From (2) We conclude that the triangle is rt. angled at (0,A)
We can set up the equation as (A-0)/(0-(-1)) * (A-0)/(0-4) = -1 as product of slopes of two perpendicular lines of a rt angled triangle is -1
A= +/- 2 which gives area of the rt angled traingle as 5 sq units < 15 sq units ---> sufficient
gmat620 wrote:
If vertices of a triangle have coordinates (-1,0), (4,0), and (0,A) , is the area of the triangle greater than 15 ?
1. A < 3
2. The triangle is right
Hello friends, I solved this problem but I have a doubt. if we know that triangle is right triangle and hypotenus is 5, can we always safely assume other two sides as 3, 4 without knowing whether other sides are integer or not.
Please help me i have my test 4 days away. Thanks.
First of all right triangle with hypotenuse 5,
doesn't mean that we have (3, 4, 5) right triangle. If we are told that values of all sides are integers, then yes: the only integer solution for right triangle with hypotenuse 5 would be (3, 4, 5).
To check this: consider the right triangle with hypotenuse 5 inscribed in circle. We know that a right triangle inscribed in a circle must have its hypotenuse as the diameter of the circle.

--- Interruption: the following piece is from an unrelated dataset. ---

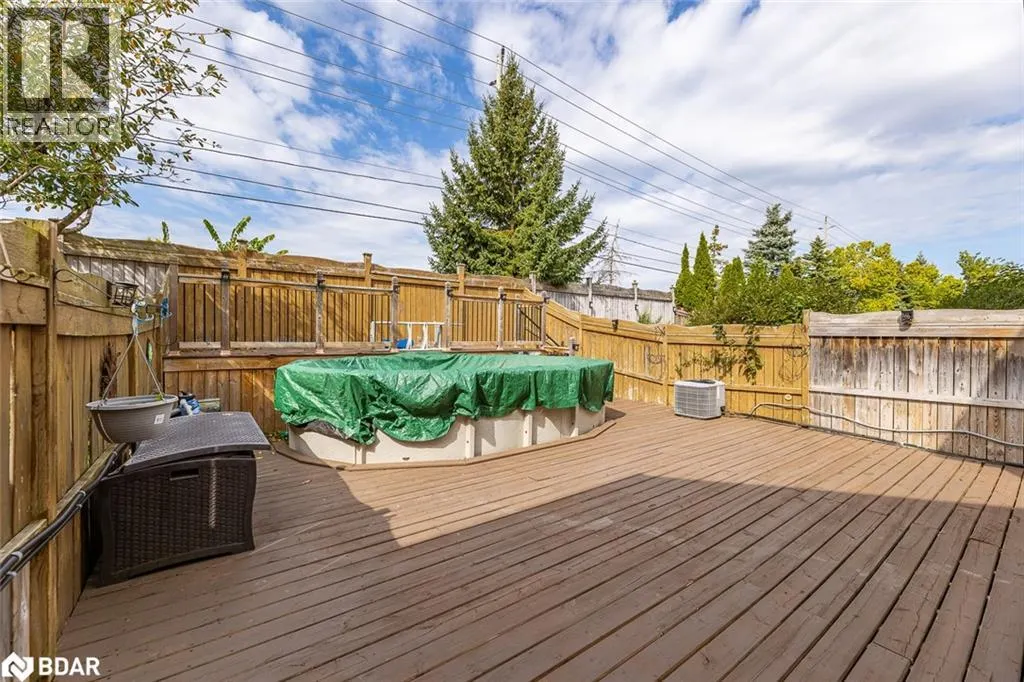 89 BENTLEY Crescent
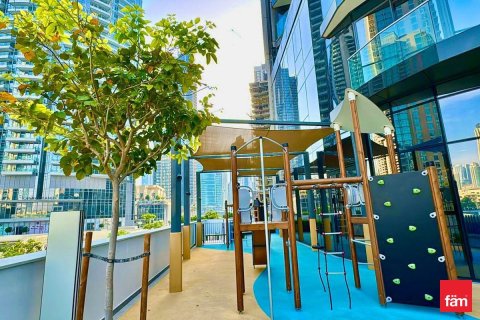 Снять в аренду квартиру в Дубае: 2 спальни, 111.6м², № 96425 - фото 19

The reverse is also true: if the diameter of the circle is also the triangle’s hypotenuse, then that triangle is a right triangle.
So ANY point on circumference of a circle with diameter \(5\) would make the right triangle with diameter. Not necessarily sides to be \(3\) and \(4\). For example we can have isosceles right triangle, which would be 45-45-90: and the sides would be \(\frac{5}{\sqrt{2}}\). OR if we have 30-60-90 triangle and hypotenuse is \(5\), sides would be \(2.5\) and \(2.5*\sqrt{3}\). Of course there could be many other combinations.
Back to the original question:
If vertices of a triangle have coordinates (-1,0), (4,0), and (0,A) , is the area of the triangle greater than 15?(1) A < 3 --> two vertices are on the X-axis and the third vertex is on the Y-axis, below the point (0,3). The third vertex could be at (0,1) and the area would be less than 15 OR the third vertex could be at (0,-100) and the area would be more than 15. So not sufficient.
(2) The triangle is right. --> Obviously as the third vertex is on the Y-axis, the right angle must be at the third vertex. Which means the hypotenuse is on X-axis and equals to 5. Again if we consider the circle, the radius mus be 2.5 (half of the hypotenuse/diameter) and the third vertex must be one of two intersections of the circle with Y-axis. We'll get the two specific symmetric points for the third vertex, hence the area would be fixed and defined. Which means that it's possible to answer the question whether the area is more than 15, even not calculating actual value. Sufficient.
Answer: B.
If we want to know how the area could be calculated with the help of statement 2, here you go:
One of the approaches:
The equation of a circle is \((x - a)^2 + (y-b)^2 = r^2\), where \((a,b)\) is the center and \(r\) is the radius.
We know:
\(r=2.5\), as the hypotenuse is 5.
\(a=1.5\) and \(b=0\), as the center is on the X-axis, at the point \((1.5, 0)\), half the way between the (-1, 0) and (4, 0).
We need to determine intersection of the circle with Y-axis, or the point \((0, y)\) for the circle.
So we'll have \((0-1.5)^2 + (y-0)^2 =2.5^2\)
\(y^2=4\) --> \(y=2\) and \(y=-2\). The third vertex is either at the point \((0, 2)\) OR \((0,-2)\). In any case \(Area=2*\frac{5}{2}=5\).